Ebbene sì, uno studio effettuato  da un gruppo di ricercatori della “University of Oxford” ha rilevato che con la scelta vegana l’intero pianeta e le persone che lo abitano potrebbero avere vantaggi in termini di: salute, ambiente ed economia! Incredibile!? No, vero!  Preferire un’alimentazione a base vegetale al posto di quella animale, condurrebbe entro il 2050 ad una riduzione dal 6 al 10% della mortalità globale del pianeta e ad una diminuzione di emissioni di gas serra nell'atmosfera dal 29 al 70%. Complessivamente, secondo lo studio, i benefici economici collegati a questo cambiamento sarebbero tra 1-31 miliardi di dollari, il che equivale ad una percentuale che va dallo 0,4 al 13% del prodotto interno lordo globale (PIL), sempre entro il 2050.

I vantaggi si avrebbero già con una riduzione dell’utilizzo della carne a 300 grammi a settimana, ma l’obiettivo sarebbe raggiunto a pieno in termini di diminuzione di morti, malattie cardiovascolari, obesità e tumori, con la scelta vegana. I dati emersi parlano chiaro: limitando il consumo di carne avremmo 5,1 milioni di morti evitate all'anno, con una dieta vegetariana 7,3 milioni e con un regime vegano ben 8,1 milioni di morti evitate.

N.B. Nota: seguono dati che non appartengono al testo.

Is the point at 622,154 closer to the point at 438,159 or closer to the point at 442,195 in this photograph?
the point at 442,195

Differenziati per fattori di rischio, oltre la metà delle morti evitate (51-57% in tutti e tre gli scenari) sono dovuti alla diminuzione del consumo di carne rossa (Università di Oxford).

Già nel 2013 un gruppo di ricercatori dell’Università di Oxford, con a capo la Dott.ssa Francesca Crowe, aveva effettuato una ricerca pubblicata sul “Journal of Clinical Nutrition” che suggeriva  che la dieta vegetariana poteva ridurre il pericolo di attacchi cardiaci e di ammalarsi di patologie al cuore. "La maggior parte dei benefici della dieta vegetariana sulla salute è causata dagli effetti sul colesterolo e sulla pressione sanguigna" sosteneva Francesca Crowe. L’indagine aveva coinvolto oltre 45 mila volontari. I ricercatori dello studio EPIC avevano analizzato, a partire dal 1990, il livello di salute di 45.000 persone provenienti dalla Scozia e dall’Inghilterra. Di queste il 34% erano vegetariani da più di undici anni.

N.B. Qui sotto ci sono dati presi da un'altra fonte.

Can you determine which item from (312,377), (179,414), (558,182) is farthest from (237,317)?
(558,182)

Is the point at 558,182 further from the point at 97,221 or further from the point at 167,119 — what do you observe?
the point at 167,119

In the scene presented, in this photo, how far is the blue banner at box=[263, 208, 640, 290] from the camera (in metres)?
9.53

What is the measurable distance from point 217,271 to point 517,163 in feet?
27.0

Durante questo arco temporale erano stati identificati tra i 45.000 volontari, 1235 casi di malattie cardiache. Di questi 169 erano morti, mentre i restanti 1.066 avevano avuto ricoveri per problemi cardiovascolari. In generale era emerso dallo studio che i tassi di decesso più alti erano stati registrati tra gli onnivori, oltre ad avere questi ultimi anche i livelli più alti di colesterolo LDL. I vegetariani invece avevano evidenziato pressione sanguigna più regolare e indice di massa corporea (BMI) nella norma. La storia e gli studi si ripetono e portano e confermano gli stessi risultati: abbiamo la possibilità di contribuire a salvare il pianeta e la nostra salute!